##### SOURCE INFORMATION

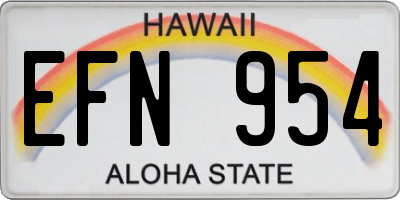 HI license plate EFN954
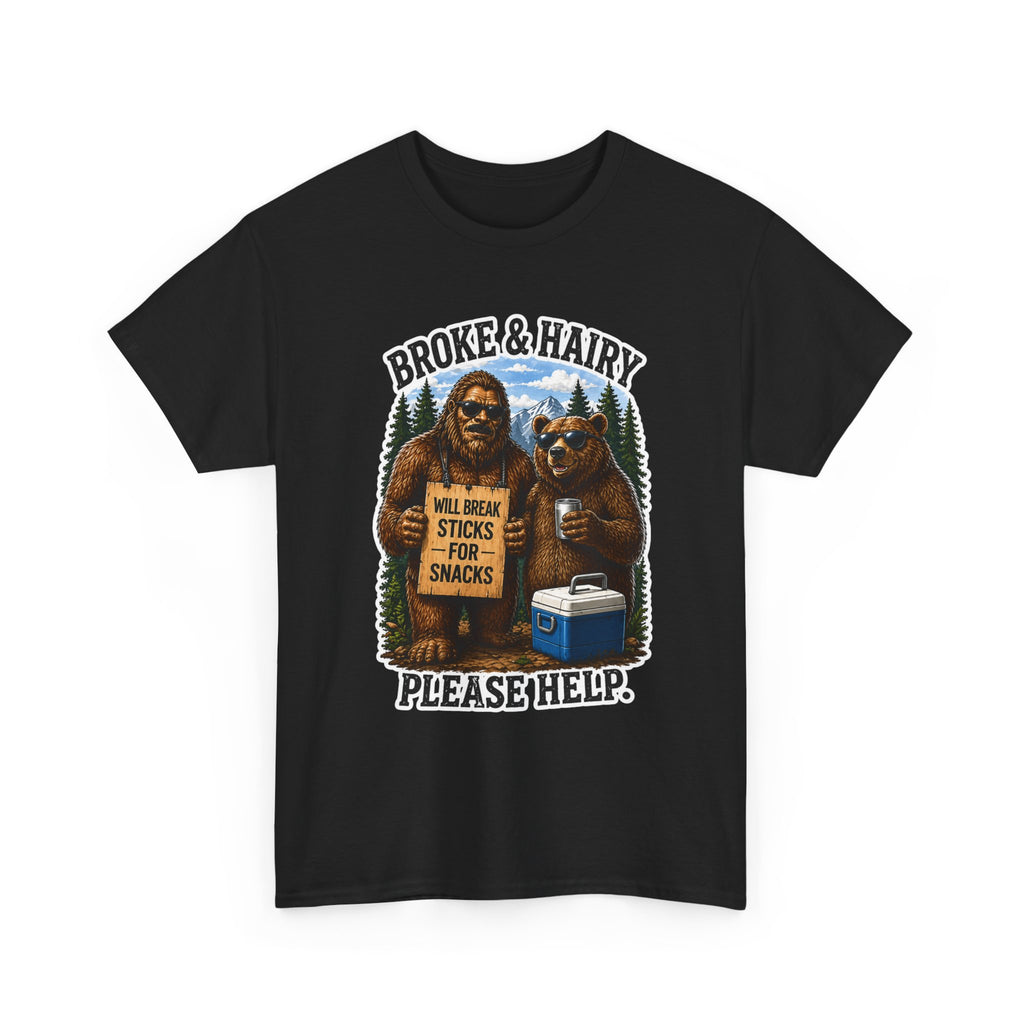 Broke and Harry Bigfoot and Bear Asking for Help T-Shirt | Cartoon Woodland Funny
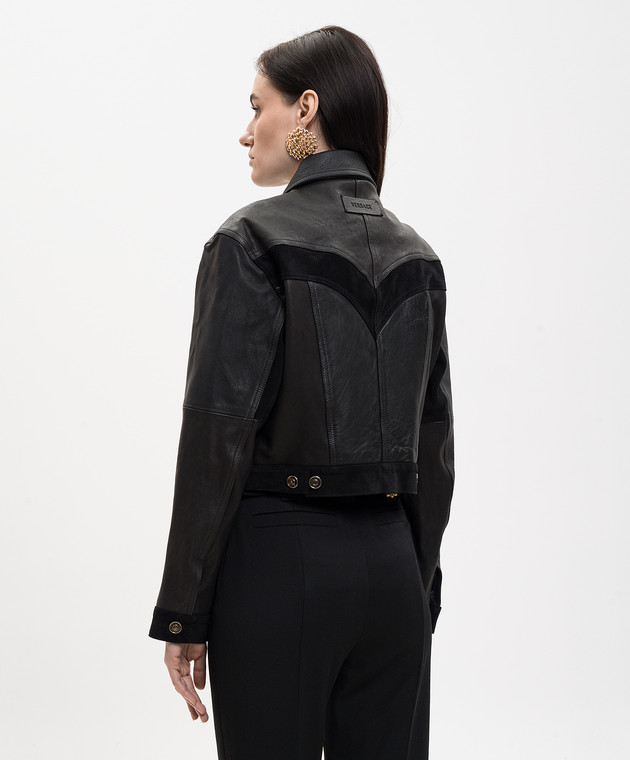 Versace Черная кожаная куртка с патчем логотипа 10246171A17766 изображение 4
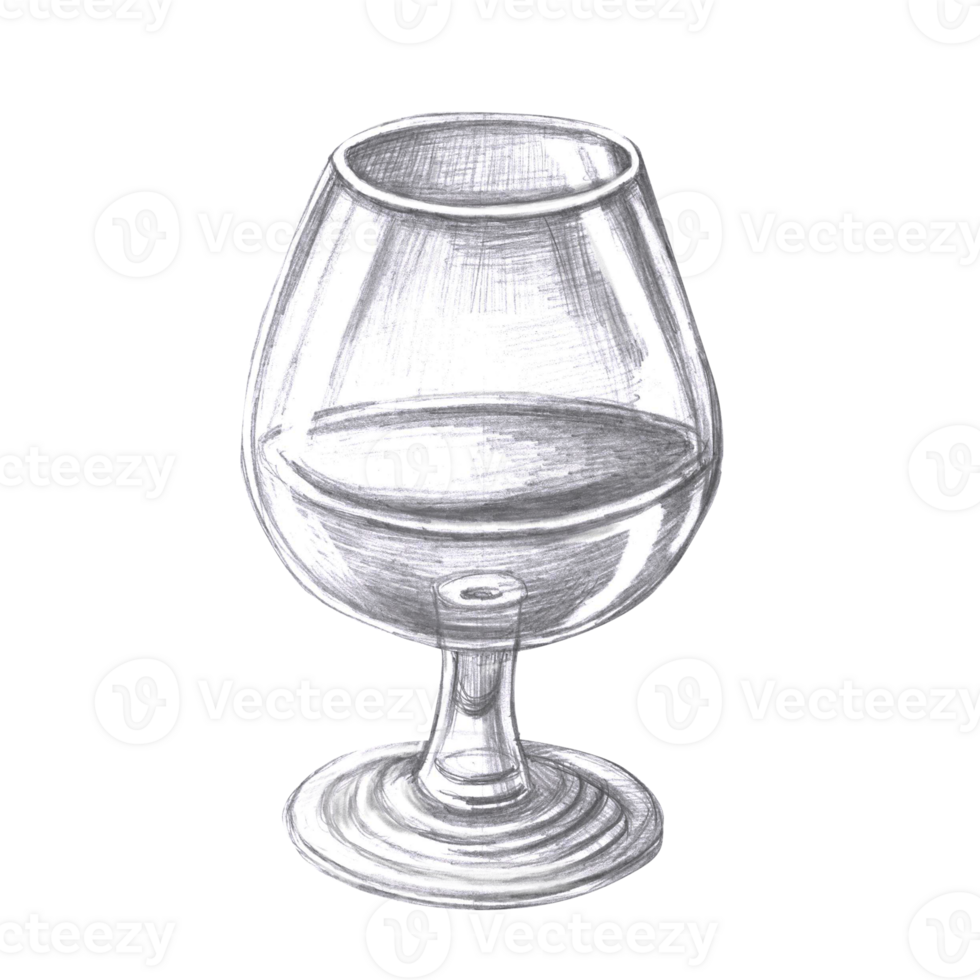 Glass of cognac in pencil. Isolated illustration in realistic style of alcoholic drink for restaurant menu design, interior decoration of drinking establishments. png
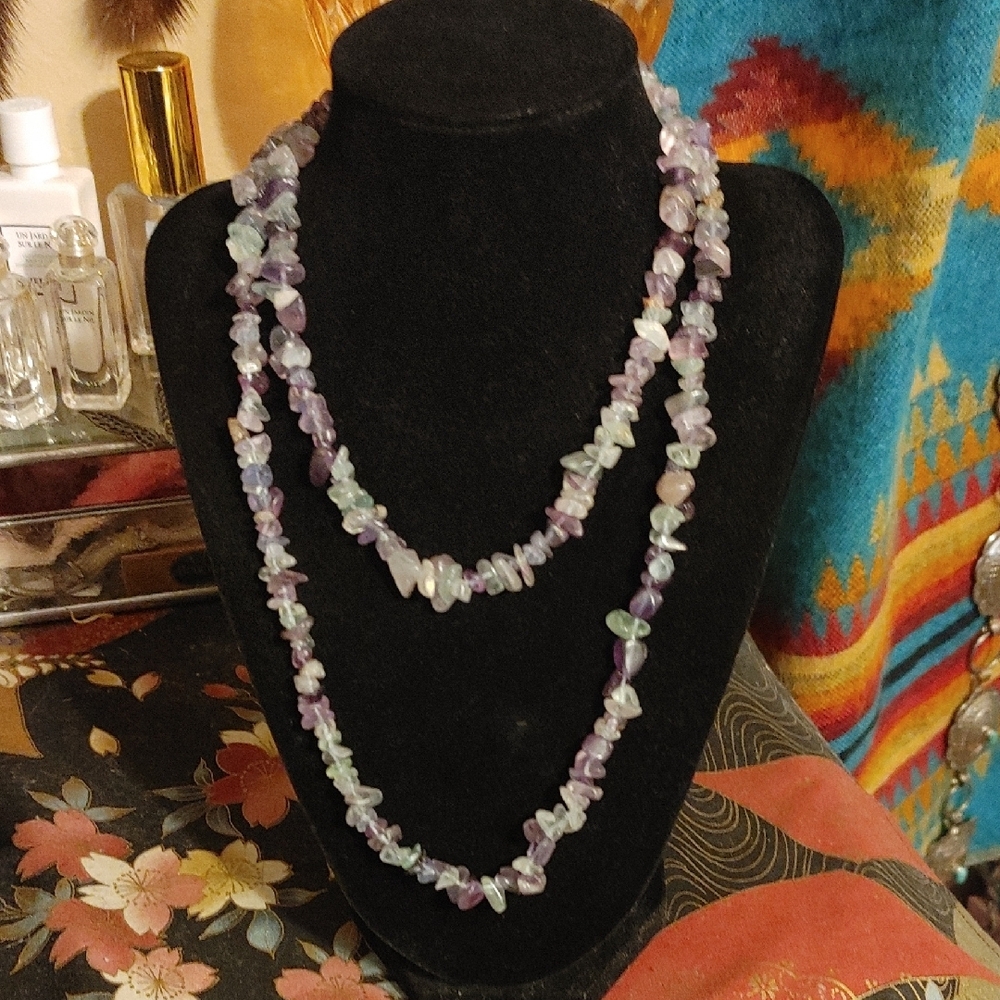 Amethyst and Fluorite Beaded Necklace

##########

● WORK TASK
Output the records verbatim, every one of them, and keep the pictures out.

● RESULT FOR THIS TASK
 HI license plate EFN954
 Broke and Harry Bigfoot and Bear Asking for Help T-Shirt | Cartoon Woodland Funny
 Versace Черная кожаная куртка с патчем логотипа 10246171A17766 изображение 4
 Glass of cognac in pencil. Isolated illustration in realistic style of alcoholic drink for restaurant menu design, interior decoration of drinking establishments. png
 Amethyst and Fluorite Beaded Necklace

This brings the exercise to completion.